A photography project, actually! I was in London, taking pictures of people with “the most important thing you’re carrying with you,” and I had a conversation with the real “Jay.” His most important item was his passport, and he told me about being evicted and having to pack his friend’s sacred objects in a hurry. So that was the bones. Meeting so many people who want to work and can’t, whether from immigration status or parenthood or British classism, made the flesh.
Do you usually write flash fiction? Or did it just seem appropriate for Śūnyatā?
I didn’t know flash fiction existed when I wrote it—it was the right length for the piece at the time. A writing contest last year lead me to revisit short pieces, and that’s where I first heard the term “flash.” I’m not the world’s best plotter, so flash really suits me—it’s fun to capture a moment with tension and conflict, without having to sustain it through thousands of words.
You have a seriously cool day job running your own aerial acrobatics company. How did you get into that? Any plans to write about that world?
My training is in mask and movement theatre, and when I was an artist-in-residence, I had students who had started learning aerial silks. I had access to space, and we started working out moves. Ten years later, it’s a company of 11, and we perform all over the world for theatres, festivals, and corporate events. The constant travel is a great source for writing, and I’ve done a few things—mostly nonfiction—about circus specifically. My biggest hit so far was an essay, “Reality,” for Magic Magazine, about our appearance on a reality show that I call America’s Got Lawsuits (If You Reveal The Ending Before The Episode Airs). It really resonated with a lot of other contestants, and I was glad to be able to show people that their traumatic experience was not unique..

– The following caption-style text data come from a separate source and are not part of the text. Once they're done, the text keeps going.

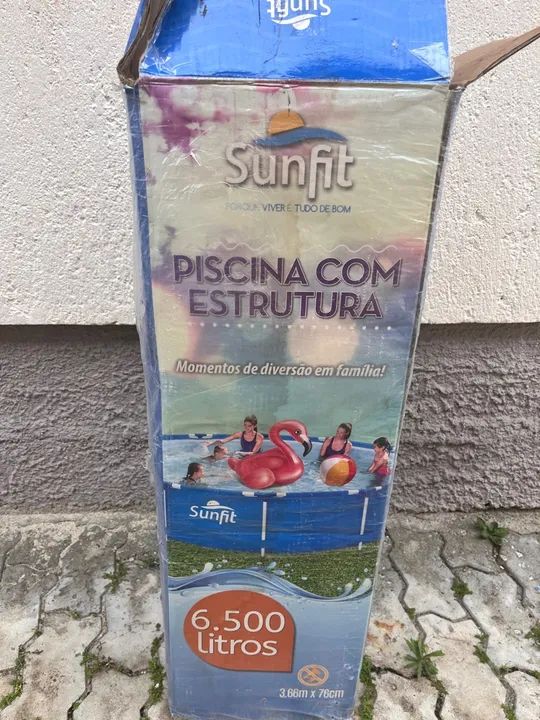 Piscina de 6.500 litros - Foto 3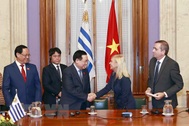 Quốc hội Việt Nam ký Thỏa thuận hợp tác với Nghị viện Uruguay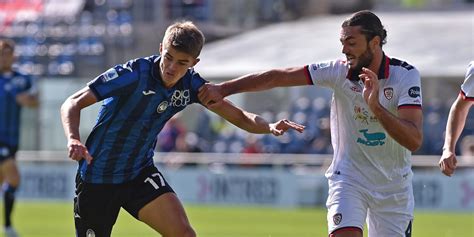 atalanta cagliari dove vederla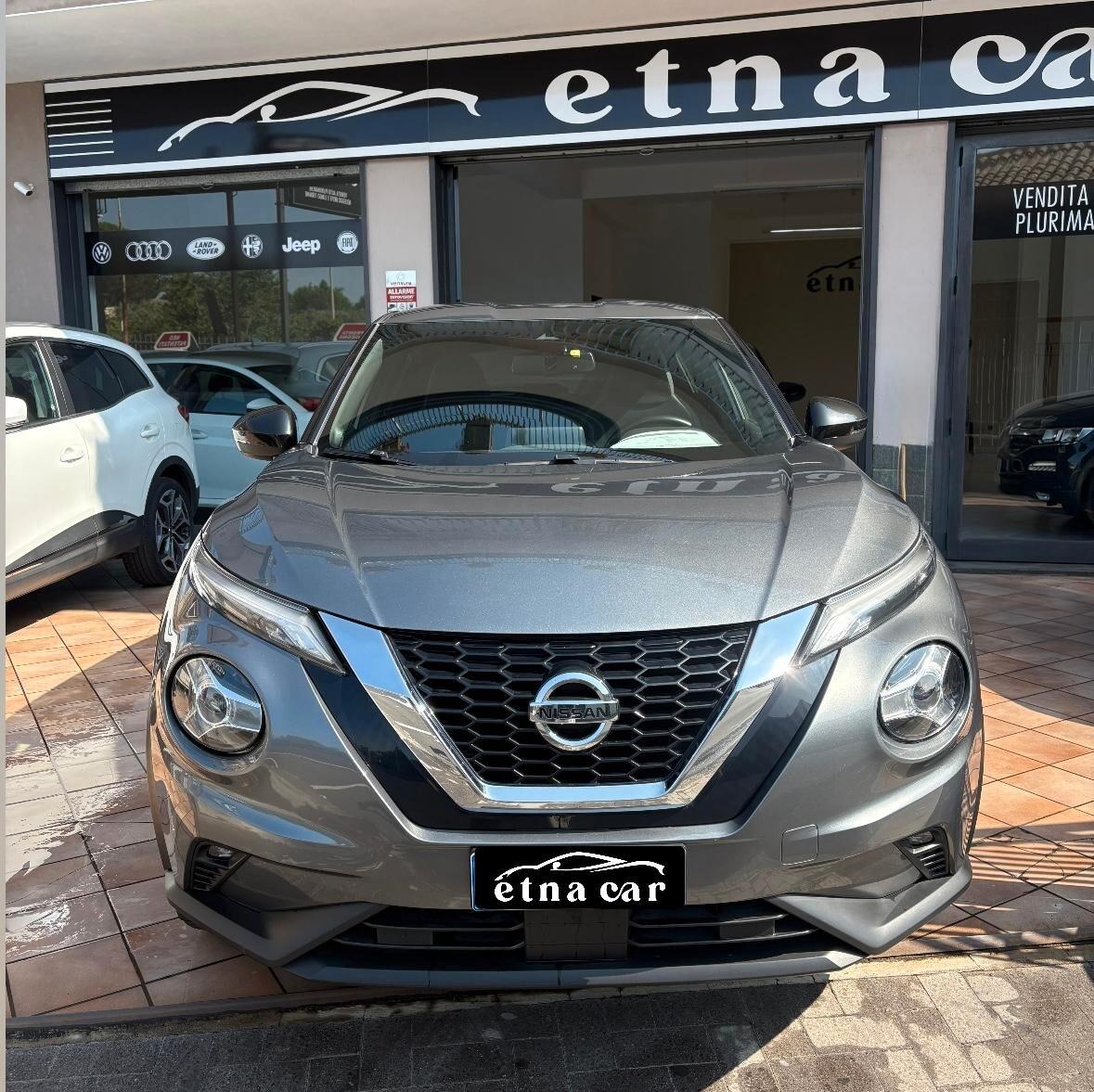 Nissan Juke 1.0 DIG-T 114 CV N-Connecta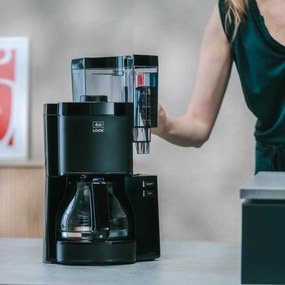 Καφετιέρα Φίλτρου Melitta LOOK V BASIC 1025-02 Μαύρο 1,25 L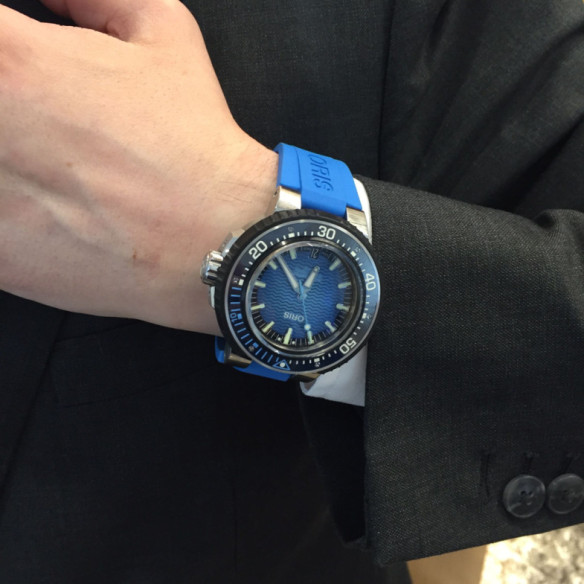 Oris Aquis Pro 4000m - Oris Novedades y Series Especiales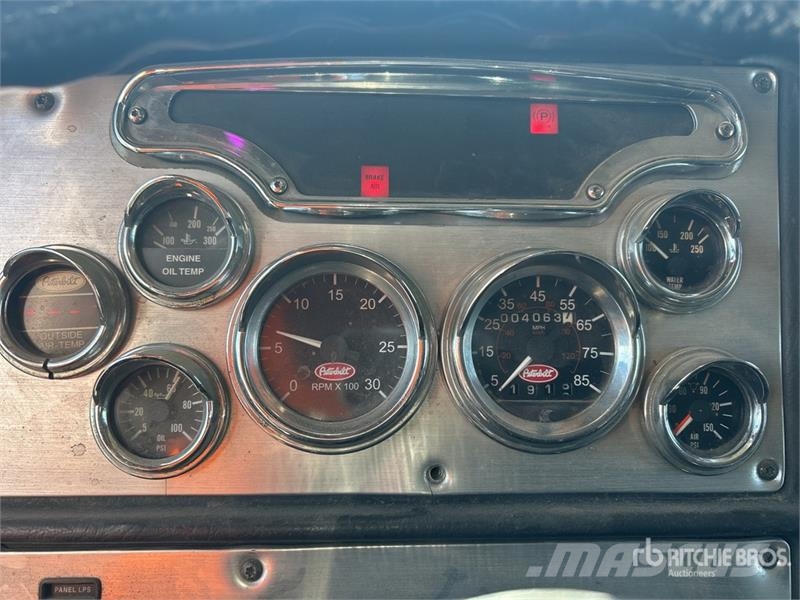 Peterbilt 379 وحدات الجر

What’s next on your plate? What are you writing now?
I’m working on a short play for the high school market that will be a spoof of the complete works of Shakespeare—38 plays in 38 minutes. It’s called “Postcards from Shakespeare,” and it’s been fun finding a hook that makes it different from the other Shakespeare spoofs out there. My biggest challenge is making time to write when I change time zones, and that’s the big thing on my plate right now—writing every day. I touch down in a new place and spend the first day finding internet and a coffee shop, which are not always a default combination in the developing world. I’m so thankful that the Middle East is a coffee shop culture—I’m living over a mall in Dubai, and there are eight of them!